Ces préconisations ne risquent-elles pas de prendre du temps ?

 Je ne suis pas sûr. Si le ministre de l’Intérieur reprend ces préconisations, on peut espérer qu’au mois de janvier, elles soient intégrées au texte. Et si elles n’y sont pas, LR les y mettra. Cela laisse l’espoir qu’elles soient voté début 2023. Mais au moment où je vous parle, j'attends encore le texte.

Comment faire face à un pays qui refuse le retour de ses ressortissants ?

Quand un pays ne veut pas reconnaître son ressortissant, nous sommes coincés. La seule solution, c’est que le gouvernement, au plus haut niveau, négocie le déblocage de la situation, par le rapport de force. Dans le dernier texte voté au Sénat sur le sujet, nous avions voté le fait que la France puisse conditionner l’octroi de visas au nombre de laissez passer consulaires octroyés par les pays d'origine. Malheureusement, cet amendement n’a jamais été repris à l’Assemblée nationale. Il faut établir un rapport de force, je ne dis pas que c’est une bonne chose, mais nous sommes obligés d’en arriver là. Certains pays ne comprennent que la négociation et le rapport de force. Si tout fonctionnait bien, on ne se poserait pas la question, mais tel n’est pas le cas.

Est-ce que les différents faits divers, et notamment le meurtre de Lola, peuvent permettre une prise de conscience sur ces sujets ?

Ce drame aurait pu se passer dans n’importe quelle autre condition, il faut le dire. Mais il a été révélateur d’un problème. Cela révèle la question des exécutions des OQTF. Cela a été, tristement et malheureusement, un révélateur et peut être une prise de conscience collective plus importante. C’est un point de faiblesse de la France qu’il nous faut traiter rapidement. Il est possible que cela entraîne une avancée dans la loi. Il faut que ça avance.

Les déclarations du gouvernement semblent-elles indiquer que l’exécutif est prêt à agir en ce sens ?

Si je m’en tiens aux déclarations, le gouvernement semble à l’écoute. Il a déclaré que notre rapport était bon et qu’il comptait en reprendre toutes les mesures.
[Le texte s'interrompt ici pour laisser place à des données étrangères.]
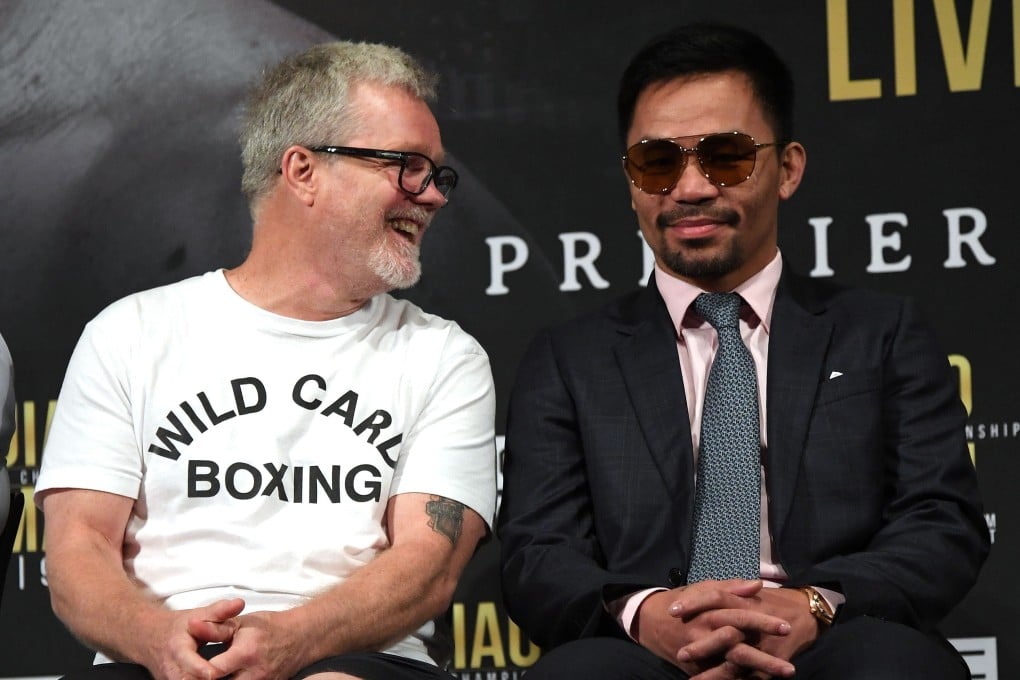 Trainer Freddie Roach laughs with Manny Pacquiao during the press conference for their fight against Keith Thurman at The Beverly Hills Hotel. Photo: AFP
Aujourd’hui je dis : chiche, allons-y !

Sur le sujet migratoire, souffrons-nous de notre appartenance à l’Union européenne ?

Non ce n’est pas lié à cela. La difficulté de la question migratoire, c’est que c’est une réponse nationale à une question internationale. Il faut admettre que depuis 2015, Frontex a été fortement renforcé. La transformation en agence de protection des frontières, sous la houlette de Fabrice Leggeri, a été utile et nécessaire. Mais naturellement, c’est insuffisant. L’Europe doit prendre conscience des problématiques de la France. Et se doter d’une stratégie migratoire, partagée autant que faire se peut. Mais cela ne peut pas se faire au détriment des décisions d’un État souverain. Par ailleurs, le travail à la frontière des Italiens, des Grecs et autres est important. Si nous n’étions pas dans l’Union européenne, nous serions obligés de traiter le problème à nos frontières. Aujourd’hui, le travail est mutualisé. Le système n’est pas en cause, mais il faut pousser l’action européenne.